My great-grandfather was a merchant seaman from Bergen who settled in Gateshead. My wife’s family fled a pogrom in eastern Europe. Most of us will have a similar story somewhere in our history. As Gaia Vince notes in Nomad Century, her essential, bold and clear-sighted new book, migration will also define our future.
We are on track for over 3°C of warming by 2100. Vince presents the most terrifying map I have ever seen: the world encircled by a 3,500km-thick “uninhabitable zone” stretching from Khartoum to the northern tip of Lake Malawi. All of India south of Hyderabad is lost. By 2050, 1.5bn people will be climate refugees. “Migration is not the problem,” says Vince, “it is the solution.”
As the ice retreats, millions will make their home in the Arctic. The metropolises of Greenland and Siberia will feature wooden skyscrapers and vertical farms. There’s a utopian quality to some of Vince’s argument, and at times the distance between possibility and realpolitik is wide. (It isn’t clear to me where a global UN migration organisation “with real powers to compel governments” would acquire such power.) But I have yet to read a book that takes the question of how to survive the coming decades more seriously.

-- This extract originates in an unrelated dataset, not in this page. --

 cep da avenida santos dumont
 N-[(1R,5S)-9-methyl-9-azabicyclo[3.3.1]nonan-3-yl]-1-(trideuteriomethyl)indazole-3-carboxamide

The final chapter explores how geo-engineering might recover the planet’s lost regions. “In time,” Vince speculates, “humans will once again expand from their refuges to the far reaches of the planet.” Meanwhile, the nomad century is already here. Pakistan’s recent floods displaced 33m. Indonesia plans to abandon Jakarta, the world’s fastest-sinking city, for a new purpose-built capital. Kiribati in the Pacific has purchased 20 square km of Fijian jungle in readiness for the day the sea overwhelms the island. And the Arctic treeline advances northward by 50m per year.